The survey found 42 per cent of respondents said they were aware of what they could claim on tax when working from home, 41 per cent were unsure and 17 per cent did not realise this was an option.
“The easiest option is to claim the ATO’s (Australian Taxation Office) flat rate allowance for home working of 52 cents per hour,” he said.
“All you need to do to claim this is to keep a diary of your home working – note the time you start work each, day, the time you finish work each day and any breaks.
“In addition, you can also make separate claims for the work-related proportion of items like your home internet, mobile phone costs and other expenses that directly relate your work, like stationery, printer ink and even additional toilet rolls.”
Alternatively the other way is to keep a record of all the expenses you have.
Tahnee Almelor, 29, is a manager of client partnerships for a media and advertising company and has transformed her home kitchen into her workspace. She said with the changes happening so suddenly she had not thought about tax deductions relating to working from home.
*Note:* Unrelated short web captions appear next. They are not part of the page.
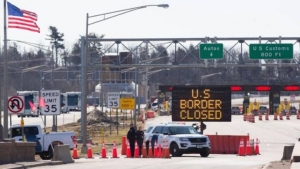 E.U. pone a M&eacute;xico en el nivel m&aacute;ximo de alerta de viaje por el Covid-19 
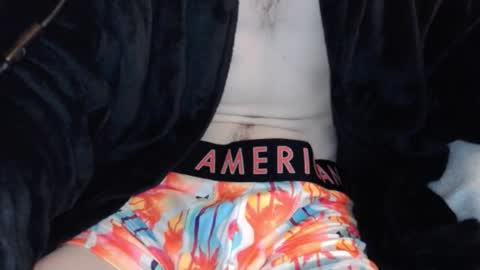 Dong Stroker online show from 15, 1, 2025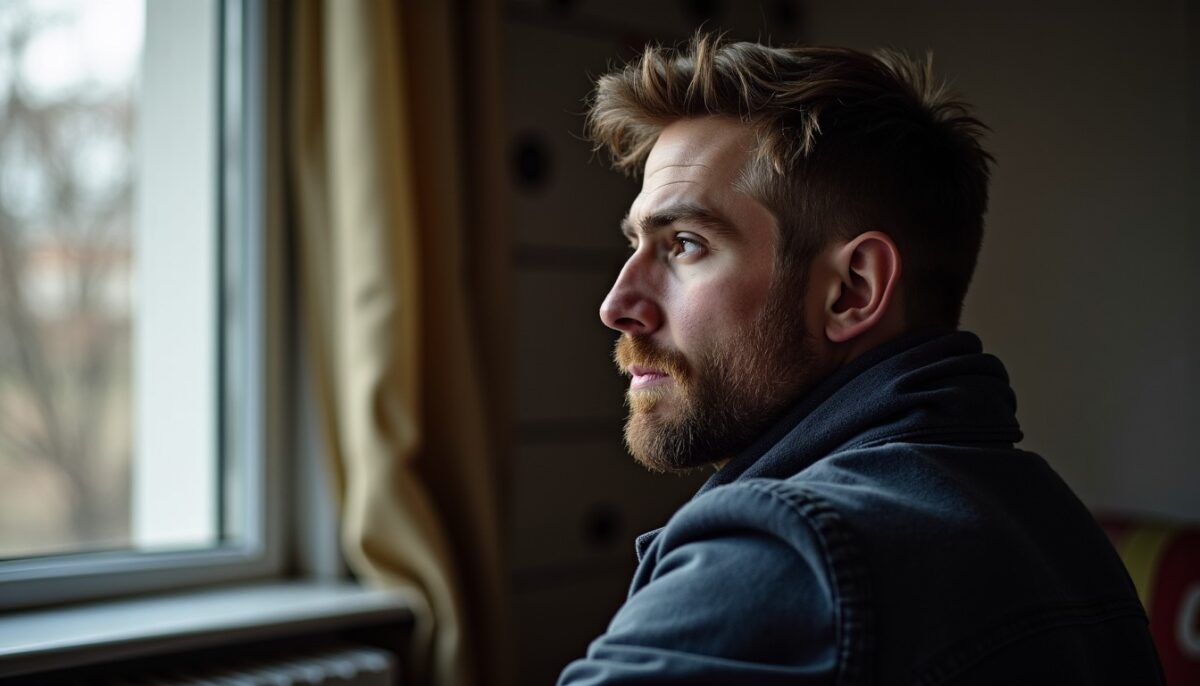 Que faire quand un homme Bélier devient soudainement silencieux ?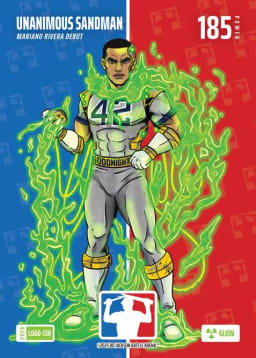 Unanimous Sandman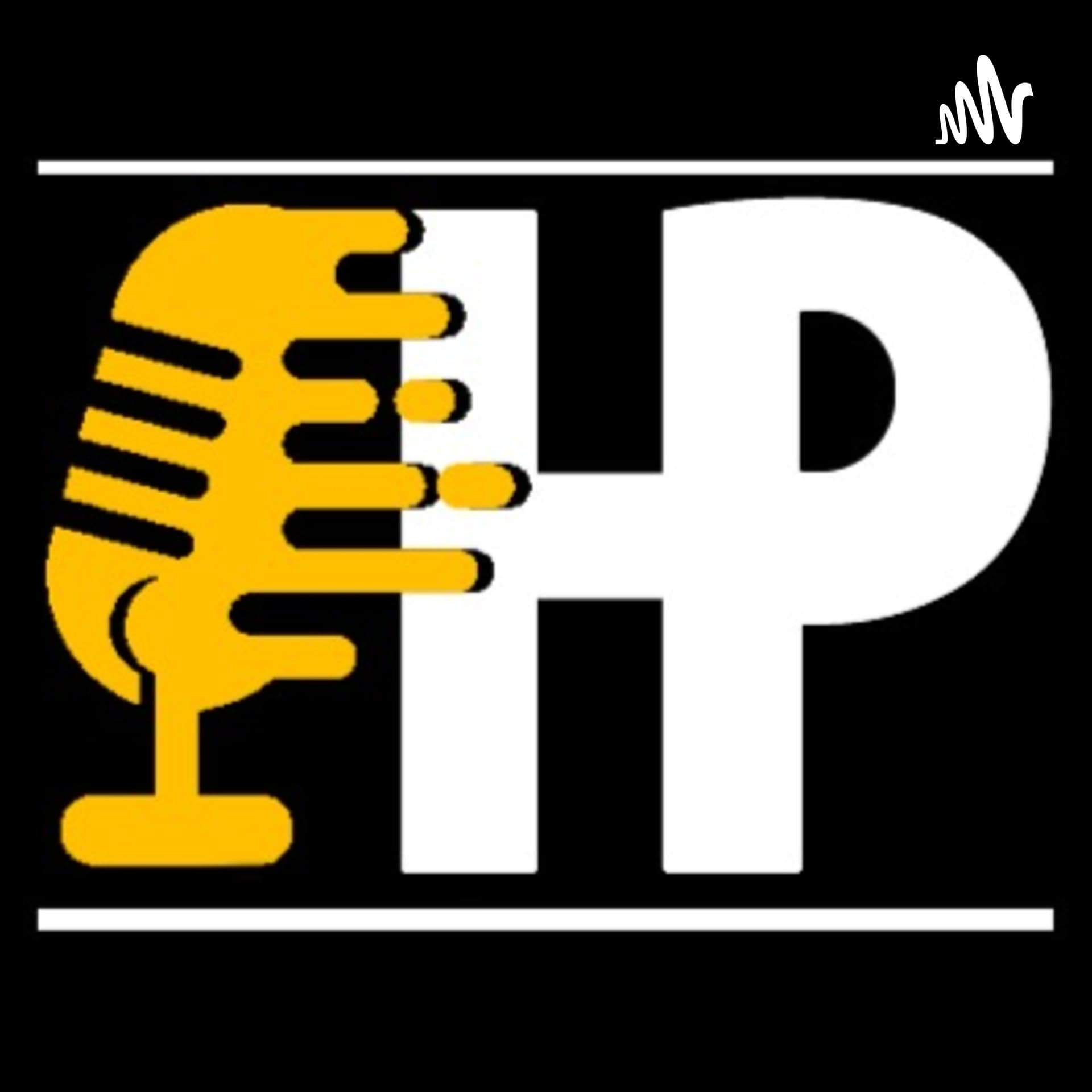 HP Cast - Podcasts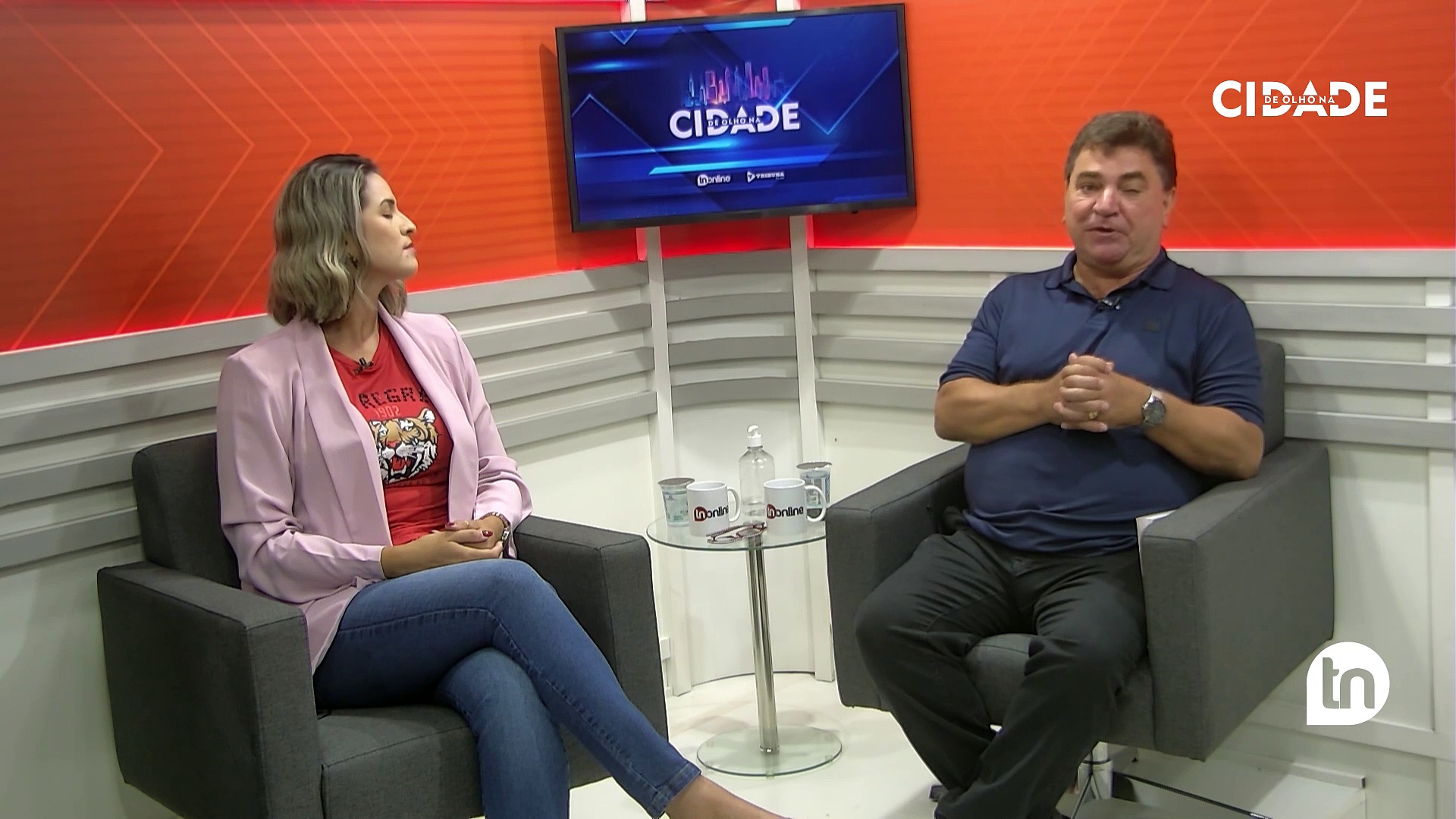 Para Sérgio Onofre, Arapongas supera desafios da pandemia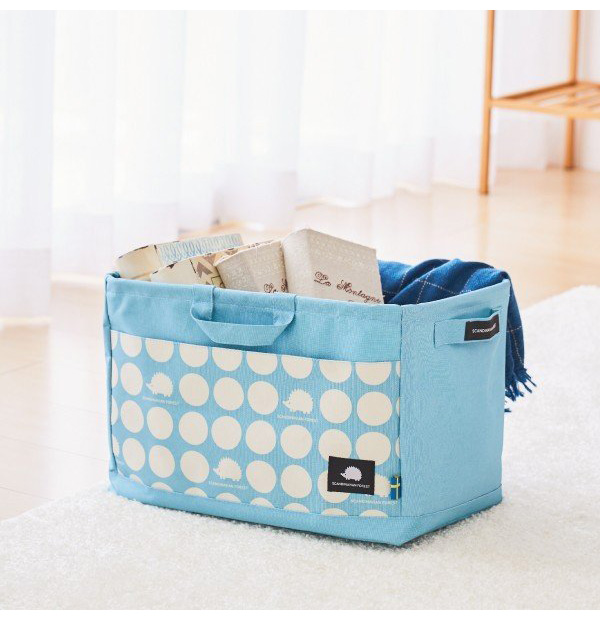 スカンジナビアンフォレスト インナーボックス オープン 収納 収納ボックス 収納箱 おしゃれ 北欧 爆安プライス 衣類収納 代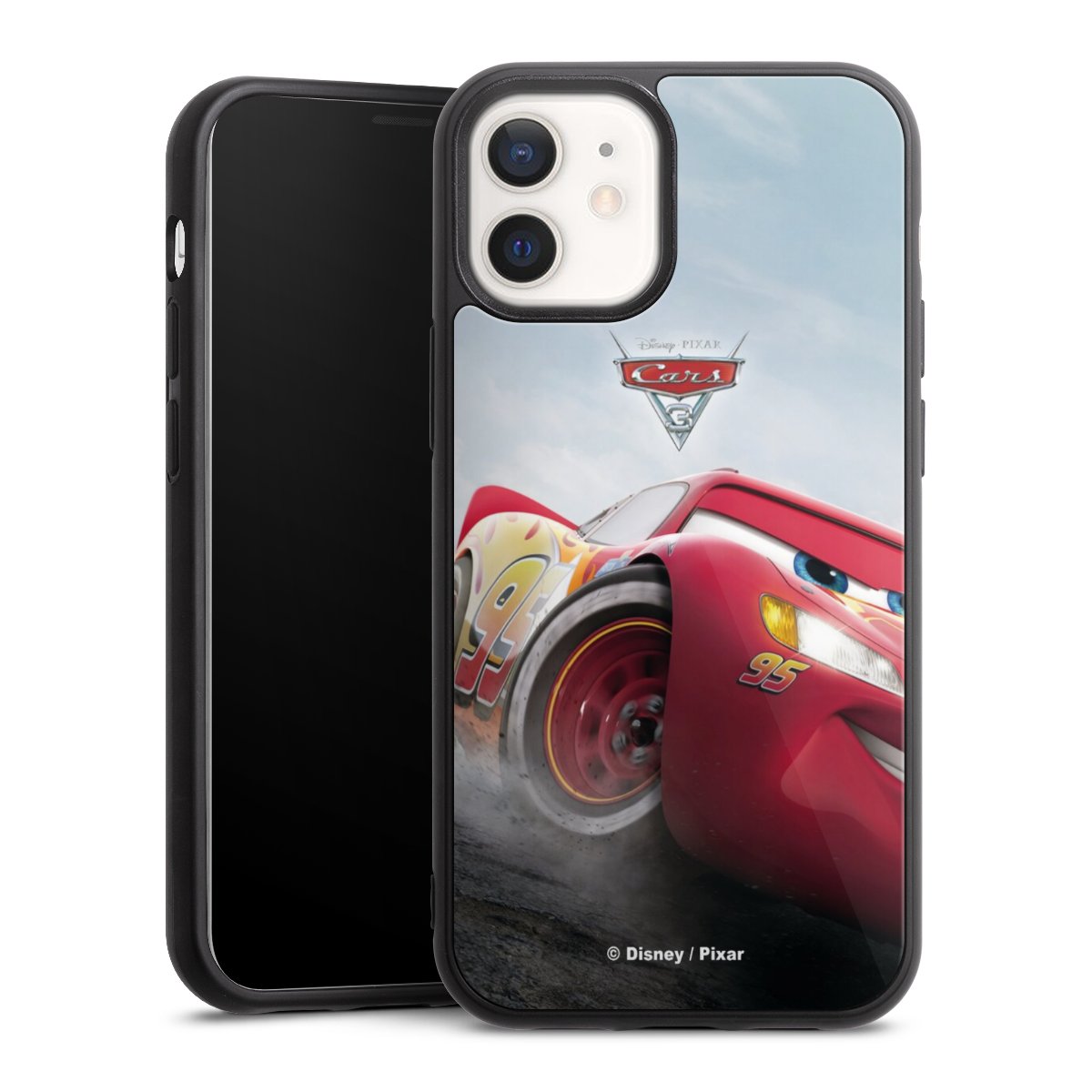 Cars3 Lightning Mc Queen
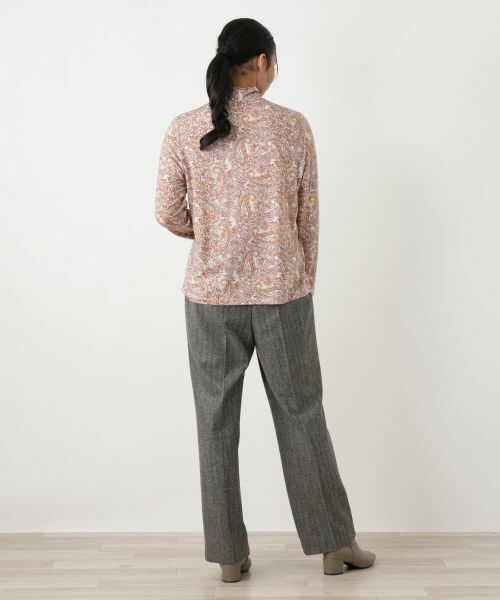 Leilian PLUS HOUSE / レリアンプラスハウス その他パンツ | パンツ | 詳細13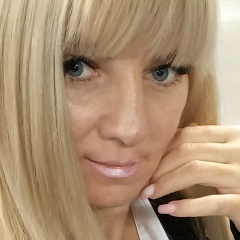 Виктория Людикайнен, 26.09, Санкт-Петербург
“I’ll probably raise that with my accountant but I am not aware as to whether I need to be prepping for tax time,” Ms Almelor said.
”With our Humaniti app, you can easily set up a category such as ‘Home office expenses’ so each time you go to Officeworks, or IGA to buy a stapler, not to buy groceries, or you pay your internet bill, you can load that all into this category then download it and hand to your accountant,” he said.